Project Syndicate

The Election Is Over. Now What?

America needs a jobs bill, a better energy policy, and a revamped financial system. Will we get any of those?

Barack Obama greets business leaders before speaking on the fiscal cliff negotiations and business relations during the Washington Business Roundtable on Dec. 5

Photo by Saul Loeb/AFP/Getty Images

After an election campaign costing well in excess of $2 billion, it seems to many observers that not much has changed in American politics: Barack Obama is still president, the Republicans still control the House of Representatives, and the Democrats still have a majority in the Senate. And now America faces the “fiscal cliff.” What next?

Some of Mitt Romney’s advisers seemed taken aback by Obama’s victory: Wasn’t the election supposed to be about economics? They were confident that Americans would forget how the Republicans’ deregulatory zeal had brought the economy to the brink of ruin, and that voters had not noticed how their intransigence in Congress had prevented more effective policies from being pursued in the wake of the 2008 crisis. Voters, they assumed, would focus only on the current economic malaise.

The Republicans should not have been caught off-guard by Americans’ interest in issues like disenfranchisement and gender equality. While these issues strike at the core of a country’s values—of what we mean by democracy and limits on government intrusion into individuals’ lives—they are also economic issues. As I explain in The Price of Inequality, much of the rise in U.S. economic inequality is attributable to a government in which the rich have disproportionate influence—and use that influence to entrench themselves. Obviously, issues like reproductive rights and gay marriage have large economic consequences as well.

In terms of economic policy for the next four years, the main cause for post-election celebration is that the U.S. has avoided measures that would have pushed it closer to recession, increased inequality, imposed further hardship on the elderly, and impeded access to health care for millions of Americans.

Beyond that, here is what Americans should hope for: a strong “jobs” bill—based on investments in education, health care, technology, and infrastructure—that would stimulate the economy, restore growth, reduce unemployment, and generate tax revenues far in excess of its costs, thus improving the country’s fiscal position. They might also hope for a housing program that finally addresses America’s foreclosure crisis.

A comprehensive program to increase economic opportunity and reduce inequality is also needed — its goal being to remove, within the next decade, America’s distinction as the advanced country with the highest inequality and the least social mobility. This implies, among other things, a fair tax system that is more progressive and eliminates the distortions and loopholes that allow speculators to pay taxes at a lower effective rate than those who work for a living.

America—and the world—would also benefit from a U.S. energy policy that reduces reliance on imports not just by increasing domestic production but also by cutting consumption, and that recognizes the risks posed by global warming.
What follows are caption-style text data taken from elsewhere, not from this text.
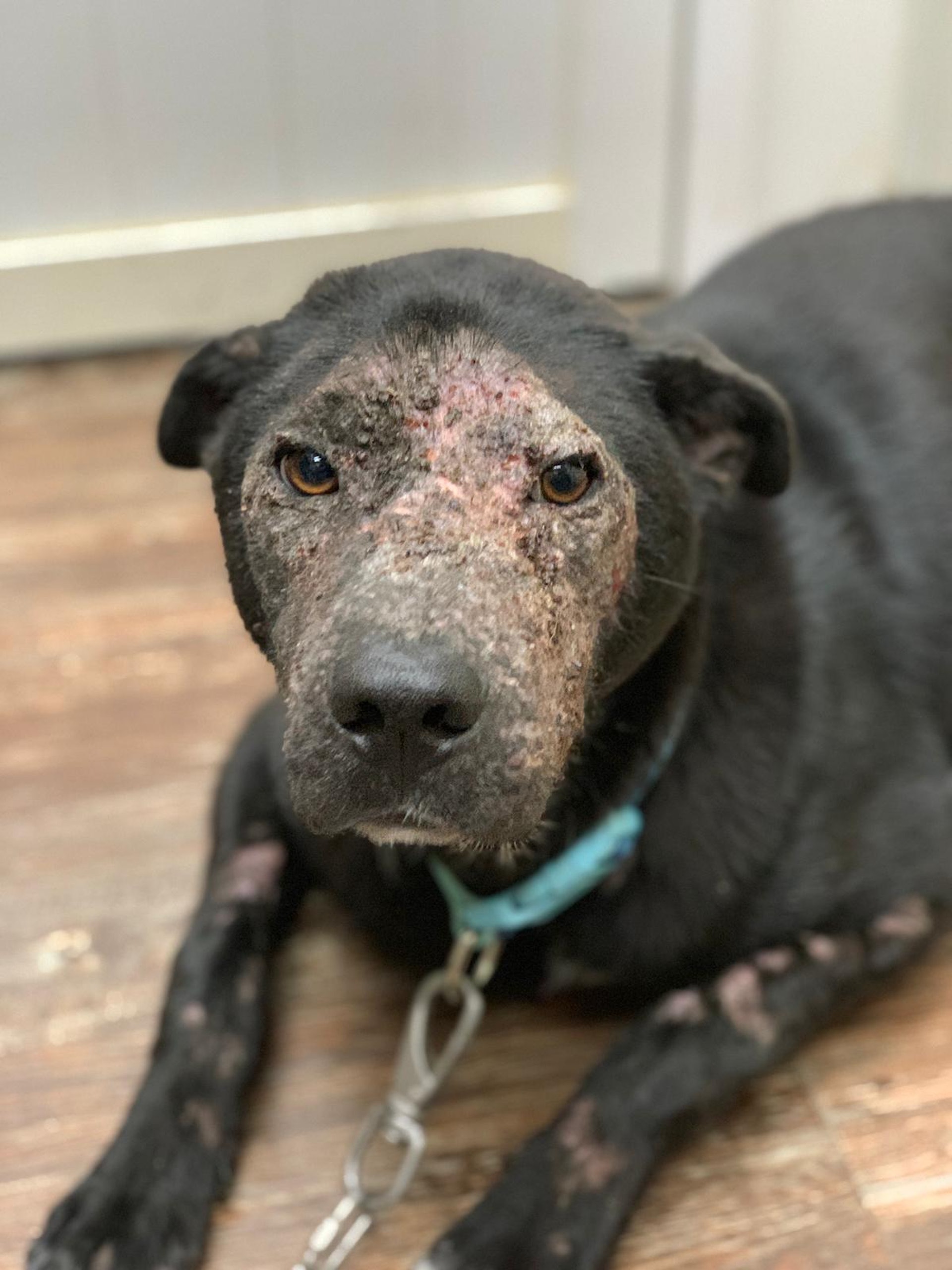 (向←掃看更多傻B照片)傻B除了臉部,手腳均受毛囊蟲感染。(守護浪浪福利協會) (向←掃看更多傻B照片)傻B除了臉部,手腳均受毛囊蟲感染。(守護浪浪福利協會)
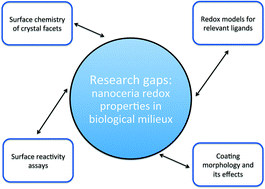 Graphical abstract: Nanoceria: factors affecting its pro- and anti-oxidant properties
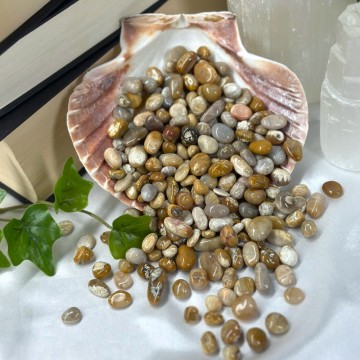 Agatisert Korall/Korall Fossil Chips, 30g 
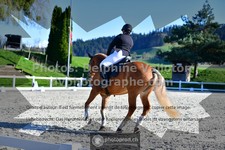 ref. photo 3553331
Moreover, America’s science and technology policy must reflect an understanding that long-term increases in living standards depend upon productivity growth, which reflects technological progress that assumes a solid foundation of basic research.
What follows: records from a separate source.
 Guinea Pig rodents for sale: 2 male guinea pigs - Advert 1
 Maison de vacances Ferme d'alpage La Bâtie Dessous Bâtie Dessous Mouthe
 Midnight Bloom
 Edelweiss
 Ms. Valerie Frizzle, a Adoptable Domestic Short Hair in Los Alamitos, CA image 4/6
Finally, the U.S. needs a financial system that serves all of society, rather than operating as if it were an end in itself. That means that the system’s focus must shift from speculative and proprietary trading to lending and job creation, which implies reforms of financial-sector regulation, and of anti-trust and corporate-governance laws, together with adequate enforcement to ensure that markets do not become rigged casinos.

Globalization has made all countries more interdependent, in turn requiring greater global cooperation. We might hope that America will show more leadership in reforming the global financial system by advocating for stronger international regulation, a global reserve system, and better ways to restructure sovereign debt; in addressing global warming; in democratizing the international economic institutions; and in providing assistance to poorer countries.
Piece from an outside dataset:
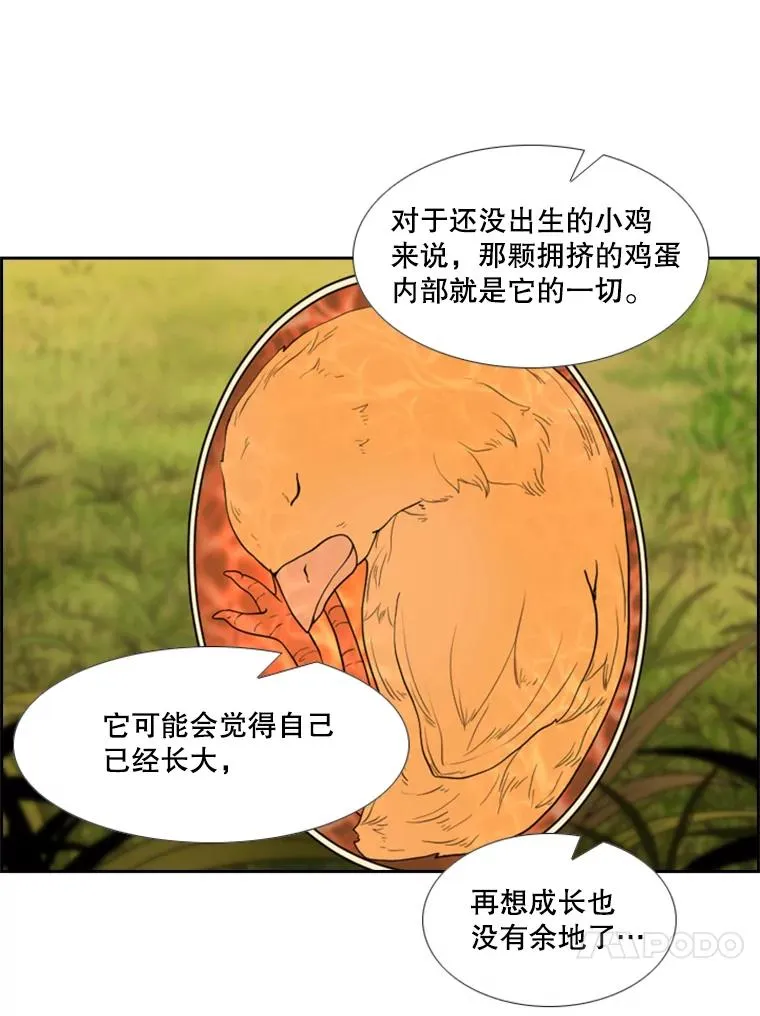 200.恭喜你破壳而出30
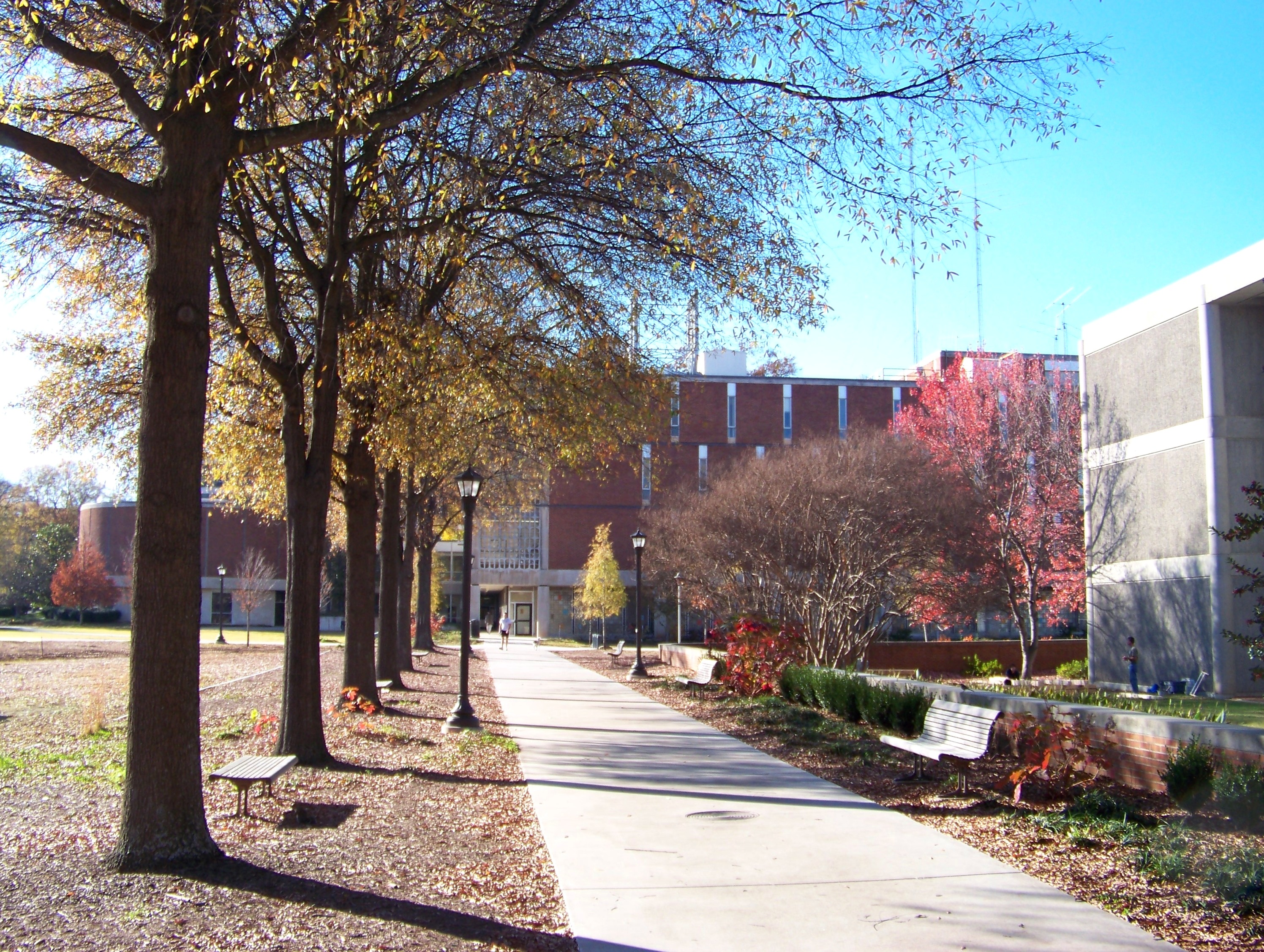 Georgia institute. Georgia Institute of Technology.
Americans should hope for all of this, though I am not sanguine that they will get much of it.  More likely, America will muddle through—here another little program for struggling students and homeowners, there the end of the Bush tax cuts for millionaires, but no wholesale tax reform, serious cutbacks in defense spending, or significant progress on global warming.

With the euro crisis likely to continue unabated, America’s continuing malaise does not bode well for global growth. Even worse, in the absence of strong American leadership, longstanding global problems—from climate change to urgently needed reforms of the international monetary system—will continue to fester. Nonetheless, we should be grateful: It is better to be standing still than it is to be heading in the wrong direction.